# Six Month Winter Escapes



## babyboomer99 (Feb 25, 2012)

We are happy retirees who usually spend the UK winter well away from the snow. This season we are in Penang but I have always felt Thailand was the place for us but I cannot find decent 6-month accommodation. Our rental budget is 300Gbp - 400 Gbp so we can usually find somewhere nice. When I check Thailand on the web I can only find luxury stuff for 6 months. Nice stuff for a more reasonable price seems to go to 12-month lets. Anyone have any good advice on how to find good stuff for 6 months - October to April. I'm thinking Krabi-Phuket area and I love Koh Lanta. -- we like to use the rental place as a base while we explore other parts of Asia so it cannot be too remote and husband would not like to drive in Thailand (sensible man) so we need a place with goodish local transport. Any advice gratefully received.


----------



## joseph44 (May 4, 2011)

Babyboomer, is you browse the internet for accommodation, especially in the areas that you would like to stay, you will find mot of the times more expensive properties. 

Websites that you will not find easy through google are:
http://www.mrroomfinder.com
Thailand Classified Ads | 25 February 2012 | Page 1 | BahtSold.com
?????????????? ????????????? ????????????? ???????? ?????? ??????? ???????? ?????????????? ????????????? ???????????? ?????? ??????????? ???????? ???????? : Premium Mall - TARAD.com (in Thai)
most of the advertisers are private persons and the rental rates are more than reasonable. 
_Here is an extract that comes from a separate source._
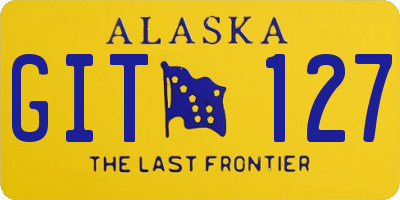 AK license plate GIT127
Otherwise, do what most people do. Move in a hotel for a week or so first and look around the area. 
ALL websites offering accommodation are perfect to make an inventory and get yourself orientated, but never book an accommodation online!!


----------



## wazza (Apr 4, 2010)

Hi BB99, I myself am a bb and go to Phuket often the trick I have found is to go book into a fairly nice hotel and check the local real estate agents and papers ,I also have made deals with hotels on a 1 month basis and have stayed up to 3 months at a time ,I did a deal last year for 12,000 Bht a month, room changed every day secure clean central,included power and water ,it was also the low season so depending on the time of year and your ability to barter,the better the deal,November through to April is high and mid season ,don't let that stop you. deals can be struct any time as they prefer bums in beds as oposed to empty beds , Good luck if you go there,
WAZZA


----------



## babyboomer99 (Feb 25, 2012)

Thanks for the websites - just what I need to get a picture of the type of stuff available and its price....will do some research then do as Wazza says-book in somewhere and start negotiating...thanks all.


----------